China’s recent move to limit imports of the dirtiest coal from 2015 onwards is a scary prospect for Australian miners.

The proposed restrictions will ban the burning of coal with high levels of ash or sulphur in areas around major cities, as the Beijing government battles its pollution crisis.

Analysts say that as much as half of the thermal coal currently shipped from Australia to China could run afoul of the new measures.

The exact effects on Australia’s coal export market are hard to predict, and will doubtless vary between different companies and coalmining regions.

But what is clear is that unless it can find some new customers, the sector is likely to find itself in trouble.

Aussie coal – a mainstay of the economy

Australia is the world’s fourth-largest coal nation, with a A$16.9 billion industry that produces 401 million tonnes a year – almost 8.9% of the world total.

Industry groups have claimed that coal mining contributes some A$60 billion a year to Australia’s economy – roughly the same as the iron ore and agricultural sectors – while supplying A$3 billion in total yearly royalties to the Queensland, New South Wales and Victorian state governments.
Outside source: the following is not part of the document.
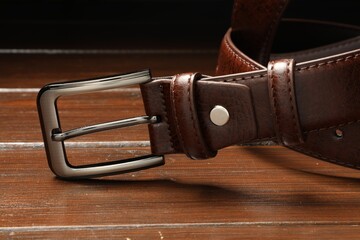 One brown leather belt on wooden table, closeup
Like other resource exports, Australia’s thermal coal sales – worth A$16 billion worldwide according to the Bureau of Resource and Energy Economics – are at the mercy of the world market.

The Australian coal industry is already reeling after two years dogged by job losses, increased costs and rapidly eroding profitability. Nearly 10,000 coal workers lost their jobs in 2013, and more lay-offs are expected in the future.

Coal prices are tumbling

With coal prices already falling, Australian exporters could also face the extra prospect of having to ‘wash’ their product to bring ash and sulphur within China’s new guidelines – which will add costs and damage profit margins. The potential extra cost has been estimated at anywhere between A$1 and A$27 per tonne.

Since 2004 there has been a continuous slowdown in mining sector productivity (the output relative to capital and / or labour input), mainly because both labour and capital costs have been consistently above the global average.

Yet despite these productivity issues, and the growing worldwide expectation that coal mining and coal-fired power generation should meet higher environmental standards, the Australian coal sector is focusing on increasing its production.

Recently, despite contention about the environmental impacts, federal environment minister Greg Hunt and the Queensland government approved the Carmichael coalmine in the Galilee Basin.

One of the largest coal projects in the world, the new mine will cover 200 square km and add up to 60 million tonnes annually to Australia’s existing coal production. In an increasingly competitive market, Australia will need to find more buyers for its new coal supplies.

Does Australia need more coal? Or more customers?

Indonesia already competes with Australia to export to China, and it is anticipated that the United States will increase its coal exports from the Powder River Basin in Wyoming and Montana over the next few years.

Meanwhile, other emerging producers including Mongolia and Mozambique are expected to create significant competitive pressure in the world’s coal export market.

At the same time, many Asian economies are increasing their electricity generation capacity – some of it through renewable energy including hydro, solar and wind power.

But all is not yet lost – significant amounts of new fossil fuel generation is also likely to come on stream, which may open new avenues for Australian coal exports.

China has recently shown interest in investing in coal-fired power plants in Pakistan – and Pakistani power minister Khawaja Muhammad Asif said earlier this month that one of the sources of coal could be Australia.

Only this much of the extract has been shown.